Blocage au niveau de la commercialisation du cacao/Bruno Nabagné Koné: « Nous ferons en sorte que cette crise ne prospère pas »
C’est avec beaucoup d’humilité et de responsabilité que je prends cette fonction. Tout le monde est conscient de la place extrêmement importante qu’occupe l’agriculture dans l’économie ivoirienne. Ce secteur, en effet, c’est 25% du Pib, c’est 50% des travailleurs de notre pays. C’est une fonction lourde, sensible et extrêmement importante. Et je mesure toute la portée ! Pour nous, l’enjeu est de taille : il s’agit de faire en sorte que l’apport de l’agriculture à notre économie ne baisse pas. Il s’agit aussi de consolider cette position de première place dans notre économie, de continuer d’en faire un élément de succès de l’économie ivoirienne. En produisant, autant que nous pouvons, intensifier la production, moderniser les techniques. Et faire, in fine, en sorte que nos producteurs, nos agriculteurs, vivent mieux.
Quelle est la ligne directrice de vos principales actions ?
Je pense que ça va être, pour ma part, une ligne centrale de conduite dans toute l’action que nous allons mener. Faire en sorte que, in fine, notre action conduise à une amélioration sensible, je l’espère, des conditions de vie de nos parents paysans et agriculteurs.
M. le ministre de l’Agriculture, vous arrivez dans un contexte où l’on parle de la mévente du cacao. N’avez-vous pas déjà des appréhensions sur ce dossier ?

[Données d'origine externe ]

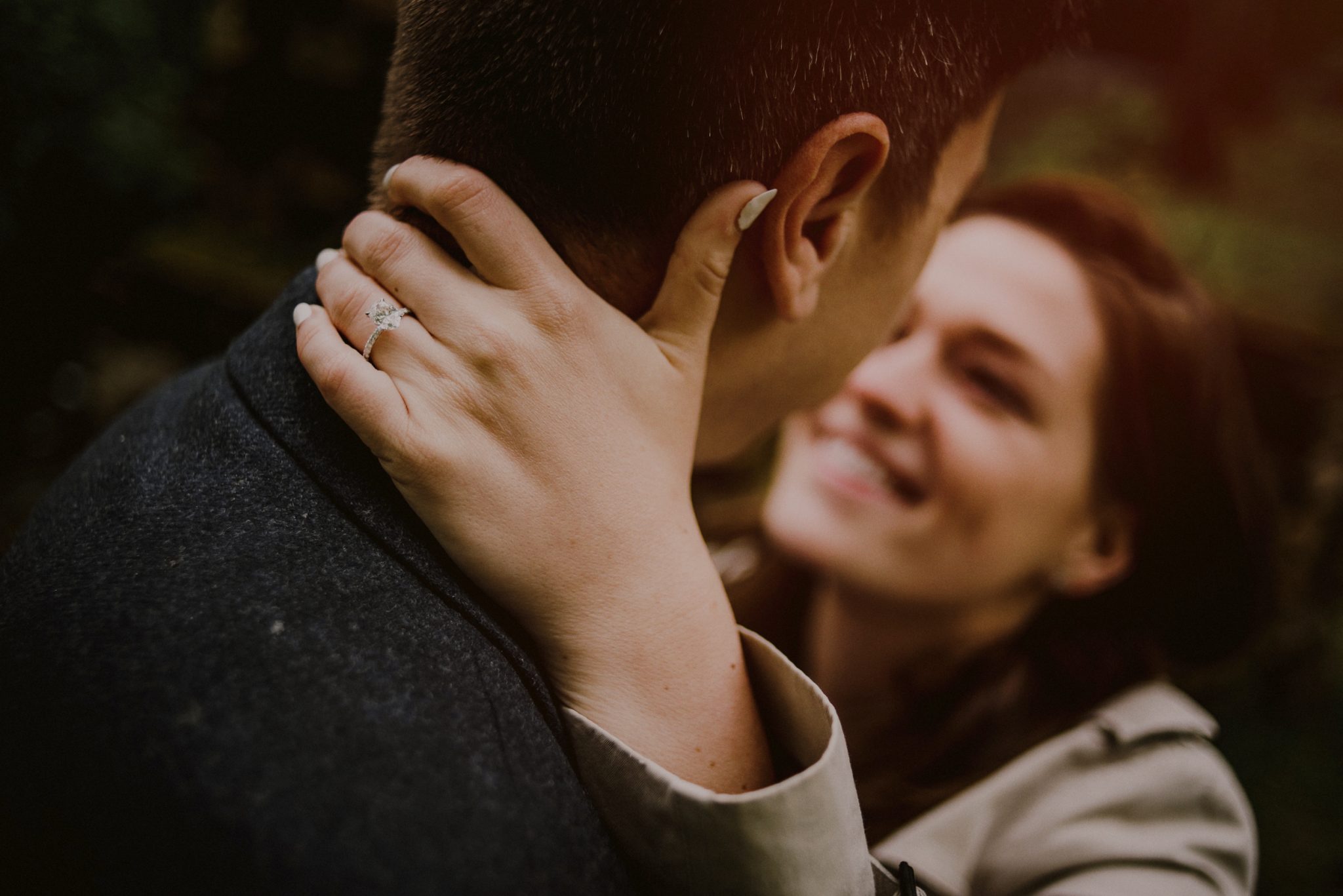 close up of ring detail in engagement photograph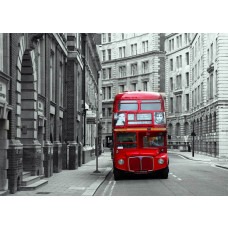 Een fotobehang van een Londense bus, een symbool van de stad, ideaal voor een klassieke uitstraling.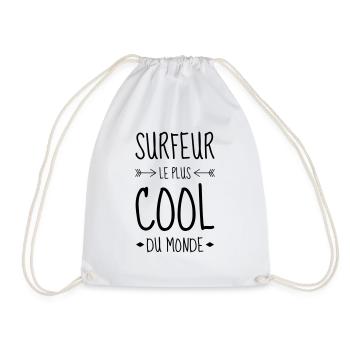 Surf / Surfing / Surfer / Surfen / Beach - Drawstring Bag - white - Front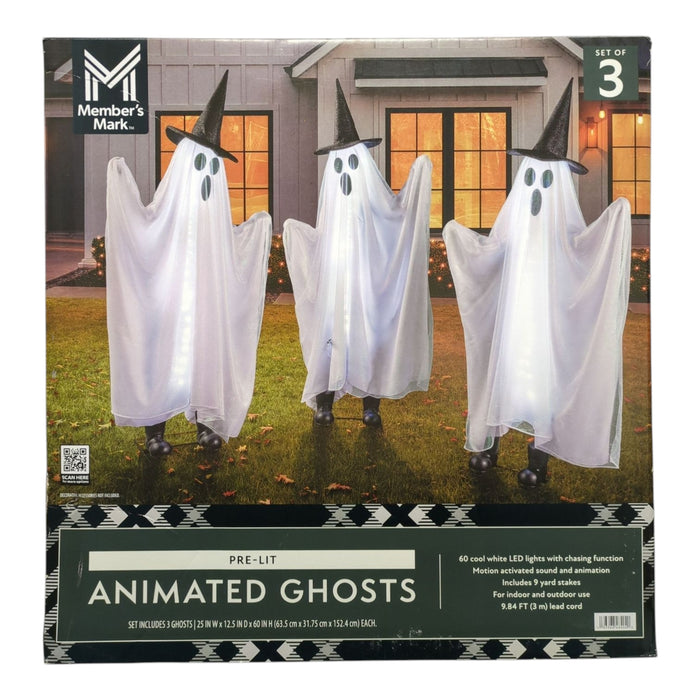 Member's Mark LED Pre-Lit Animated Ghosts, Set of 3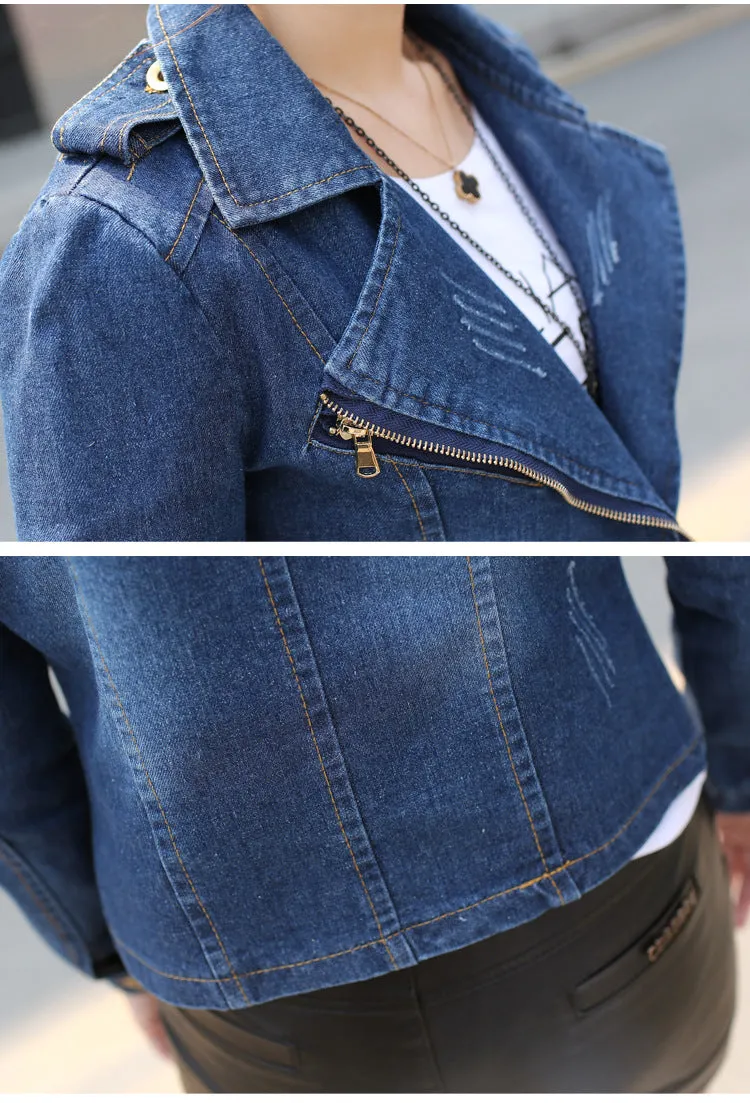 Spring And Autumn Short Women's Denim Coat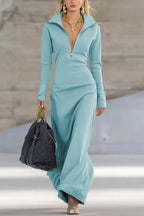 Solid Color Long-sleeved Lapel Zipper Casual Maxi Dress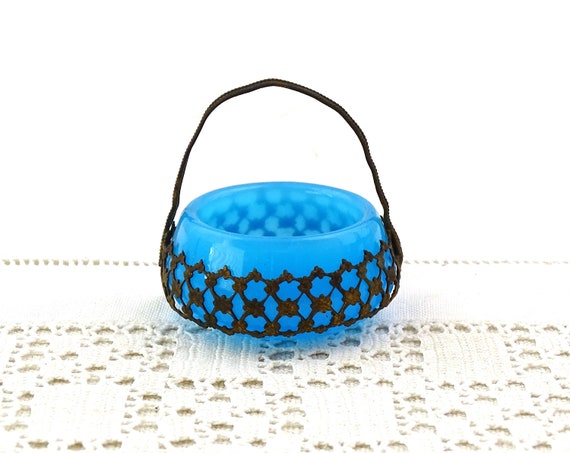 Tiny Antique 19th Century Blue Opaline Glass Basket with Omalu Metal Handle, Small Vintage Table Cruet Salt Dish in Blue Milk Glass France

Vous imaginez bien que je ne pourrais pas donner une réponse précise à cette question. Nous allons y travailler avec toutes les personnes qui sont en charge de la question. Dans tous les cas, toute difficulté a bien une solution. Cela voudrait dire que nous allons regarder ce qui est possible à réaliser sur le marché international et au niveau du marché national, ainsi qu’en termes de stockage, d’enlèvement du produit de chez le producteur. Nous ferons en sorte que cette crise ne prospère pas. C’est-à-dire que les producteurs ne subissent pas cette crise. Je pense que ce sera le premier élément sur lequel nous allons travailler. Ensuite, nous allons travailler sur les autres aspects : stockage, approvisionnement du marché national, sortie à l’international…
Votre prédécesseur a promis le rachat de toutes les fèves des producteurs. Véritablement, est-ce que les ressources financières ont commencé à être débloquées ?
Bien évidemment, je ne peux pas donner une réponse précise. Cet engagement a été pris par le gouvernement, annoncé par mon prédécesseur, mais il s’agit d’une décision de l’État de Côte d’Ivoire. Nous allons faire en sorte que cette décision soit effectivement respectée, que toutes les fèves qui sont restées chez les producteurs puissent être enlevées. Ensuite, nous verrons le traitement approprié pour que notre économie ne subisse pas trop cette petite crise.
Vous venez de prendre le portefeuille. La crise dans la filière est bien là. Quel message fort pourriez-vous adresser aux principaux acteurs de cette filière, à commencer par les agriculteurs ?
Avant tout, il faut les encourager et leur demander de rester optimistes. L’agriculture est un secteur clé pour notre pays. Donc, l’État de Côte d’Ivoire mettra tout en œuvre, fera tout son possible pour que les producteurs, qui sont les premiers engagés dans cette action économique au niveau national, ne soient pas laissés-pour-compte. Tout sera fait pour que les producteurs tirent un meilleur bénéfice du fruit de leur labeur. Nous voyons, tous les jours, le travail important qu’ils réalisent. Donc, encore une fois, la résolution de cette crise reste une priorité majeure. En tout cas, le cacao reste à jamais, une priorité dans l’action que nous allons mener pour les prochaines années.